The NPCs - 100% this. I don’t know what I love more - playing Beauregard the undead but faithful butler still suffering with unrequited love … or the shallow Sabbatha Johmes, the ghost who once wormed her way into book club without bothering to do the reading and is now dead and stuck here forever, isolated from the group, or Cosima Fantine - the arrogant Sorceress herself.
You know what, it’s probably the garden gargoyles described as “very rude” and critical of the adventurer’s appearances. At one convention, after some back-and-forth antagonization with the party leading to a brief fight, one gargoyle tried to fly away … and describing the magic missile that caught it out over the harbor causing it to crack into pieces and fall into the waves sent up a cheer as cathartic as any climactic boss battle.
The magic items - this adventure provides some really terrific and offbeat items that I love.
Creative ideas - most of the encounters are more interested in interacting with the party rather than attacking, which makes this a lot of fun to run. But at the same time, they can all be lethal which makes it even better. But whether it’s banter with the gargoyles, or finding a way past Beauregard without an invitation. Unless the party has a higher level Priest (see my home game, below … lol).
What I Didn’t Love
Not really anything? The bulk of the adventure is in the tower which is, by necessity, a linear adventure. Any effort to “Jacquays the Tower” would probably feel artificial and forced.
The fact that it’s a tower and not a dungeon makes me wonder, sometimes if I’m doing convention players a disservice by not showing off Shadowdark’s torch timer as a mechanic. Nah, worth it.
The island itself is non-linear and has some really tremendous encounters (see the gargoyles above), but players are naturally drawn straight to the tower and I sometimes find it difficult to encourage players to explore the island first without feeling like I’m pushing.
What I Do Differently
Again, not much. I think I add more flavor and motivations to the NPCs than are presented, but I expect that from a written adventure. I don’t want it spelled out too heavily. Let me make it my own.
The tower is on an island. When I run this I usually describe it being out in a harbor of a fishing village, and make hiring a boat part of the adventure. The last time I ran this at a convention I had the boat pilot accompany the party onto the island as a non-combatant who was interested in exploring the island, and that really juiced up the first part of the adventure (he refused to actually enter the tower - probably a good idea).
In My Home Game
I was thoroughly disappointed that the party priest cast “Lay to Rest” on Beauregard before I could get to roleplay him (lol).

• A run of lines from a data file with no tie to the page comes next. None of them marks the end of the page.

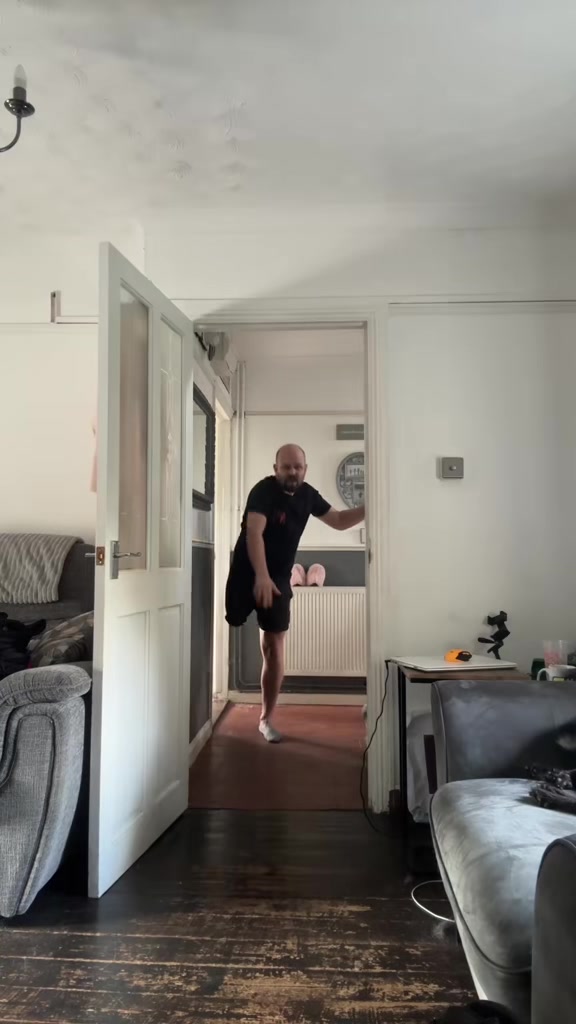 @1legdancer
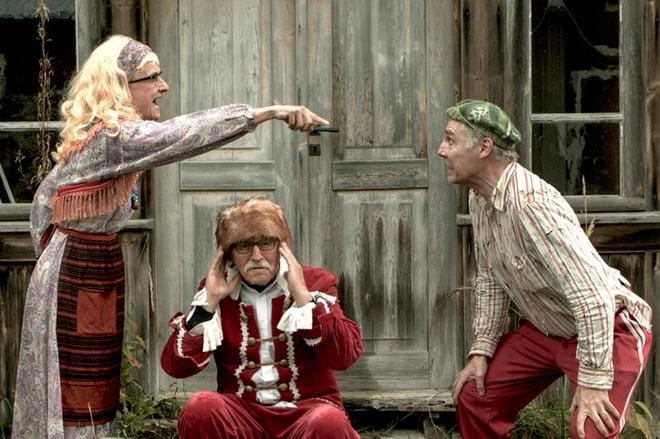Jalasjärveläinen autiotila toimi kuvauspaikkana. Kuvassa pariskunta (Pia Sillanterä ja Joose Tammelin) selvittelee kovasanaisesti välejään. Vanha herra (Stefan Lenkiewicz) sulkee korvansa.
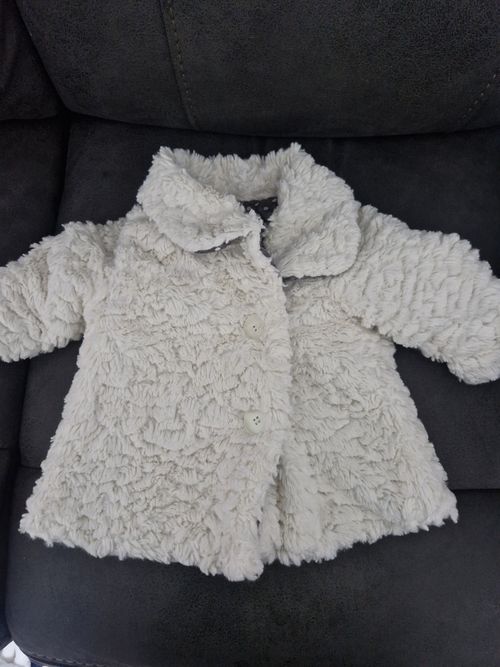 Girls faux fur cream lined coat Nutmeg age 6-9 months — image 1
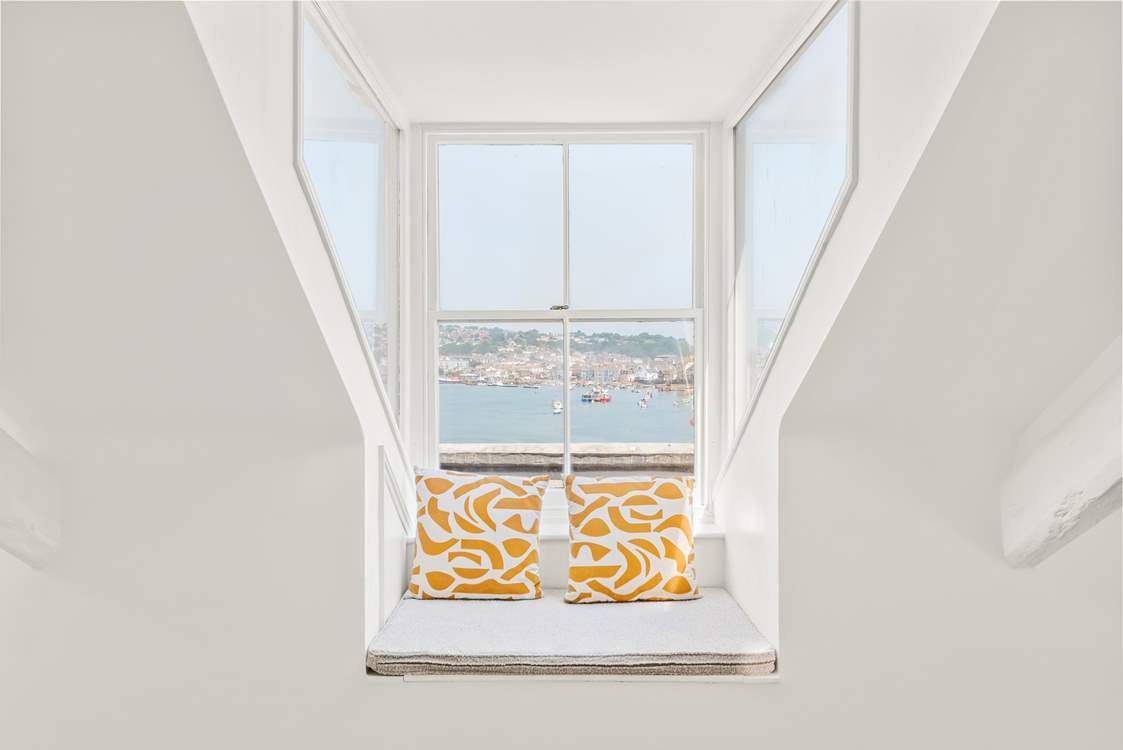 What a fabulous view! Even though you have a Smart TV at your disposal, why would you want to look anywhere else than out of the window!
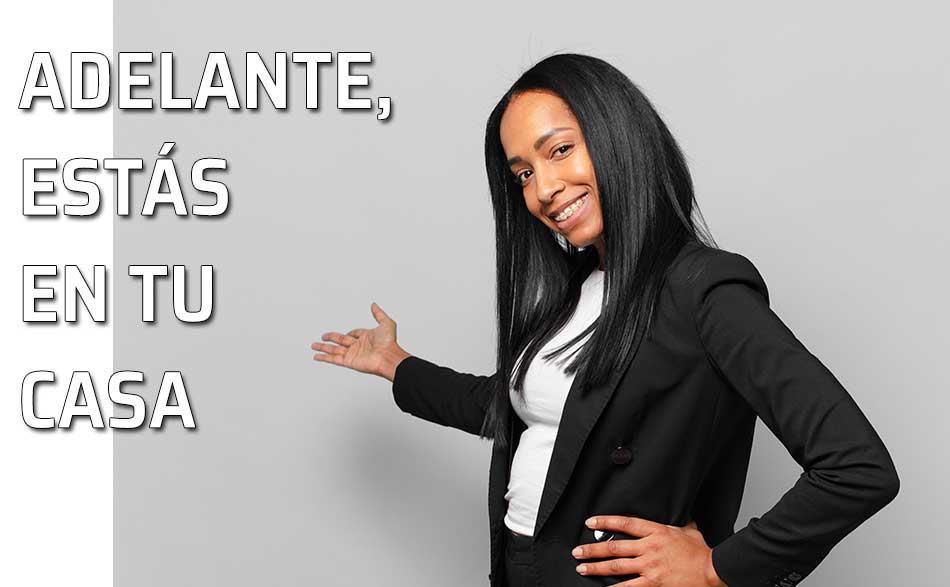 Corresponder invitación. Una mujer invita a entrar en su casa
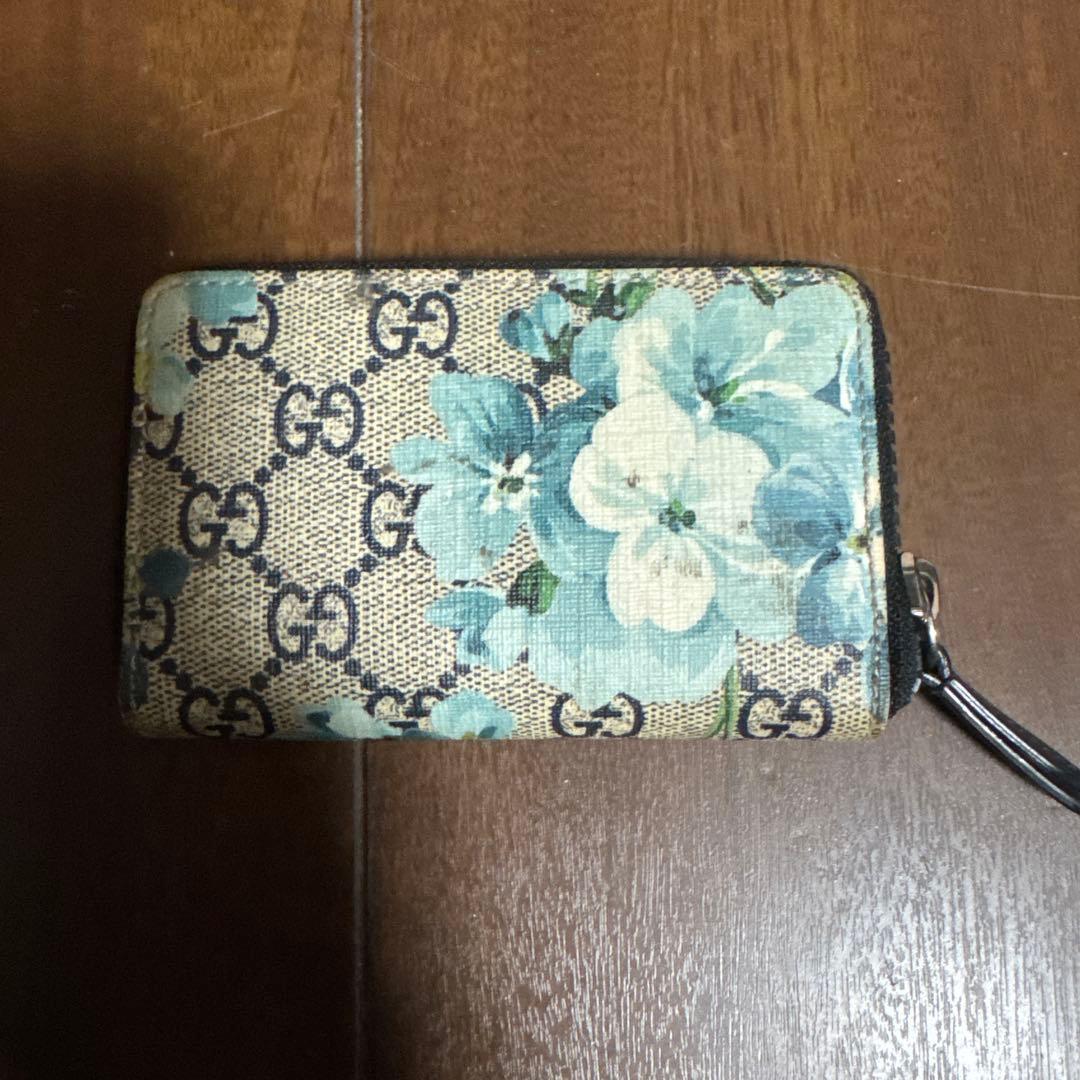 GUCCI フラワーパターン ケース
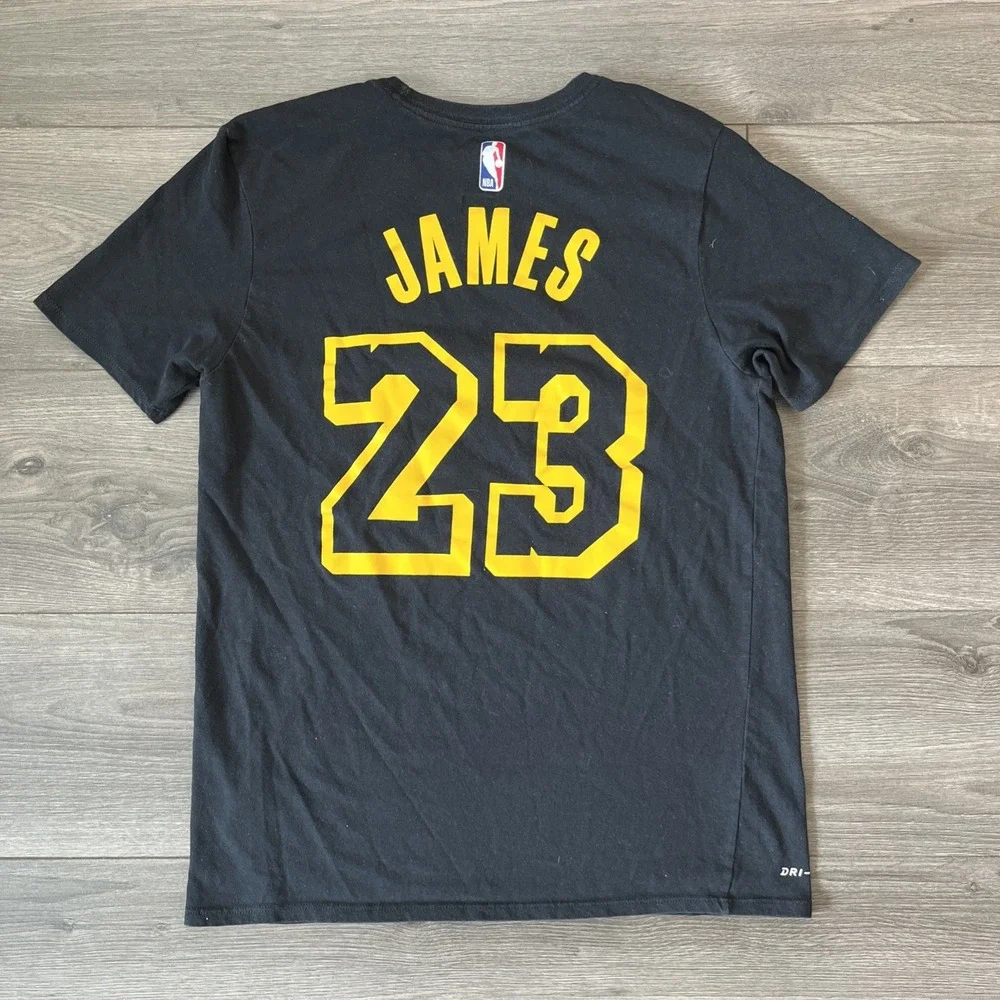 The Nike Tee Mens M LA Lakers LeBron James 23 Jersey T Shirt Black Yellow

The book “Polyglot’s Friend” plays a big role in my campaign. I really push languages as a limiting factor in communication and encourage players to use language learning as their downtime activity, making this book very valuable.
The biggest complication came from the Marlith Demon trapped in the magic circle on the second floor. The characters actually came back a couple of times trying to figure out what to do with her.
At Conventions
I try to find that delicate balance between making this adventure fun without being silly. The undead NPCs all have their quirks and motivations that make them fun to play, but I don’t ever forget that they are potentially very lethal undead.
From the difficulty around the sword that can only be drawn by someone in love, to the potion that is cursed to make its drinker forget one of their languages (it was a convention game - but when I had a player blurt out “I forget Common” without any hesitation is one of my favorite ballsy player moments).
Another favorite moment. I unintentionally described the sign on the statuary garden as saying “Do Not Enter”. When confronted by Beauregard’s demand for an invitation I had a player go back, grab the sign and break of the part that said “Do Not”. I laughed uproariously so of course that worked. And now I always say the sign says “Do Not Enter”.